_INPUT FOR THIS TASK:_
══════════
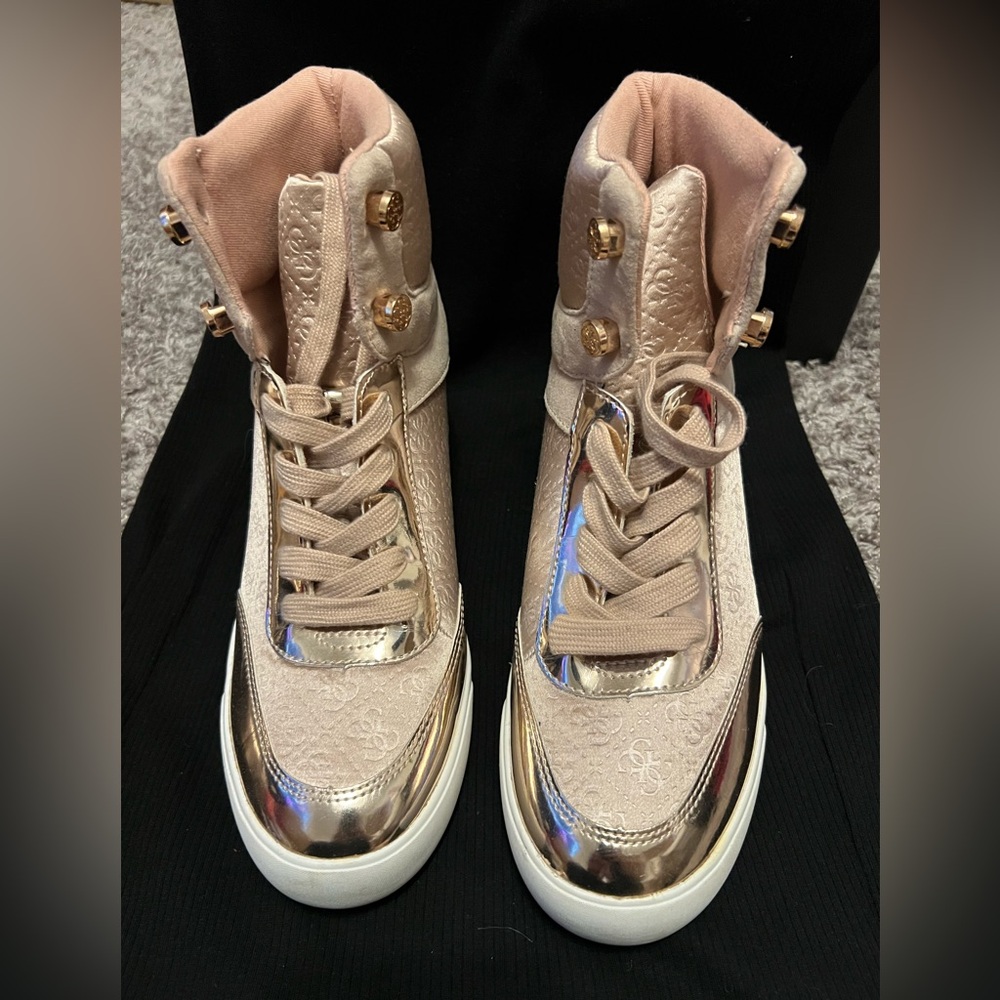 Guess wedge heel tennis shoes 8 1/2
══════════
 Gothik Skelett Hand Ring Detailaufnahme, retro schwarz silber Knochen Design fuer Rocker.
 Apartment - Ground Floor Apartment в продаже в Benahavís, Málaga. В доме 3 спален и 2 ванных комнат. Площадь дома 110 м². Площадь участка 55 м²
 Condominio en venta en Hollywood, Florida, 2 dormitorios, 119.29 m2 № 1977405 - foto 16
══════════
_INSTRUCTIONS FOR THE TASK:_ The required output is the stretch of entries above from the line containing "Apartment - Ground" through the line containing "Condominio en venta", reproduced exactly.

_OUTPUT BELOW:_
 Apartment - Ground Floor Apartment в продаже в Benahavís, Málaga. В доме 3 спален и 2 ванных комнат. Площадь дома 110 м². Площадь участка 55 м²
 Condominio en venta en Hollywood, Florida, 2 dormitorios, 119.29 m2 № 1977405 - foto 16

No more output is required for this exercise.